Ambarella (NASDAQ: AMBA) shares are trailing the market by a wide margin this year. The camera tech specialist surprised investors by lowering its sales outlook in early September, and the new forecast puts it on track for a second straight year of declining revenue. That's a problem for a stock that's priced for rapid growth.
Recently, I highlighted a few reasons Ambarella could continue struggling. Today, I'll look at the other side of the trade: the best reasons to be bullish about its long-term growth potential.
The case for patience
Ambarella has a deep bench when it comes to developing technology around video processing and delivery. Its core engineering team has worked together for over 15 years, and these specialists have produced several innovations that pushed the industry forward, including the first ultra-high-definition system-on-a-chip and a widely used video compression platform.
This central team is surrounded by a company that's built for innovation. Over 80% of Ambarella's employee base is dedicated to engineering. Management devotes over $100 million, or one third of sales, to research and development.
This type of work often takes years to commercialize, and it doesn't often translate into consistent revenue gains. But Ambarella has plenty of good company in this struggle. NVIDIA (NASDAQ: NVDA), a key competitor in the drone market, endured a 4% revenue decline in 2014 and a minor uptick in 2016 before sales growth really caught on in the most recent fiscal year.
NVIDIA's success doesn't mean Ambarella will enjoy similar gains, but it's a good reminder that design innovation takes time.
Extending its reach
NVIDIA's phenomenal growth was powered by success at extending its chip design dominance beyond PC graphics and into high-growth fields like visual computing, AI, and automobile tech. Ambarella has a similar strategy at work today, with management doing its best to diversify into areas far from the sports camera field that has driven sales growth lately.
The company is casting a wide net right now. This year, its technology has been featured in new products ranging from body-worn police cameras to home security cameras with advanced face recognition, to HD baby monitors. It continues to push deeper into the drone niche, even though industry leader DJI went with a competitor's solution for its flagship Spark product.

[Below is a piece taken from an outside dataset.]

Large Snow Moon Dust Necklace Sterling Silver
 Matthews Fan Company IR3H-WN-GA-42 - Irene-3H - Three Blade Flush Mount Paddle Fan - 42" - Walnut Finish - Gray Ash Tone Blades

Ambarella's tech made its way into Garmin's latest dashboard camera, which records a 180-degree view in front of an automobile while also detecting a collision risk.
None of these products are likely to spark quick sales gains for the company. The drone segment should shrink this year, in fact, and the emerging virtual reality segment isn't growing as quickly as management had expected. These disappointments formed the basis for Ambarella's new revenue target calling for sales to drop by 5% at the midpoint of guidance rather than hold steady, as they had predicted earlier.
The good news for investors is that the wide application of its technologies in new products supports the idea that Ambarella is still leading in camera tech semiconductor design. Looking ahead, executives are excited about the long-term potential in the field of computer vision, and the company is rolling out its first comprehensive chip solution to meet that need right now. If everything goes according to plan, this will be just the first of many generations of computer vision hardware that Ambarella releases over the next few years as it builds on the early, but fragile, lead it enjoys in low-power, high-definition video camera tech.